I have been given the following question: Given a topological space $X$, for any $x_0 \in X$ we have defined $\varphi_{x_0}:\sigma_1 \rightarrow X: (t_0,t_1) \rightarrow x_0$. Prove that $\varphi_{x_0} + B_1(X) = 0 + B_1(X)$.

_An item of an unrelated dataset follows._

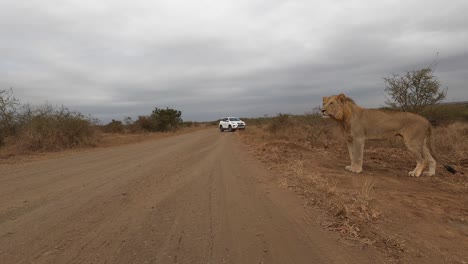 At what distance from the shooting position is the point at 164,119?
58.0 meters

I already have found that \begin{align*} \varphi_{x_0} + B_1(X) = 0 + B_1(X) &\iff \exists d \in B_1(X): \varphi_{x_0} = 0+d\\ &\iff \varphi_{x_0} \in B_1(X) \\ &\iff \exists e \in S_2(X): \varphi_{x_0} = \partial(e) \end{align*}

But now I'm stuck, because I don't know how to explicitly or generally find such an $e$. Can anyone lead me in the right direction?

Solution 1:

You want to show that the constant path $c_x$ is a boundary.
In particular, $c_x$ is the boundary of the $2$-singular simplex $\sigma$ which has the same image of $c_x$: $$\partial_2(\sigma)=\sigma\circ(\hat E_0,E_1,E_2)-\sigma\circ (E_0,\hat E_1,E_2)+\sigma \circ(E_0,E_1,\hat E_2)=c_x-c_x+c_x=c_x.$$ Remember that the $q$-th boundary operator is defined as the map $$\partial_q:S_q(X)\to S_{q-1}(X)\text{ such that}\\\partial_q(\sigma):=\sum_{j=0}^q(-)^j\sigma\circ F_q^j\text{, where }F_q^j:\Delta_{q-1}\to\Delta_q$$ is the face operator that maps the $(q-1)$-standard simplex $[E_0,\dots,E_{q-1}]$ to the $j$-th face of the
$q$-standard simplex.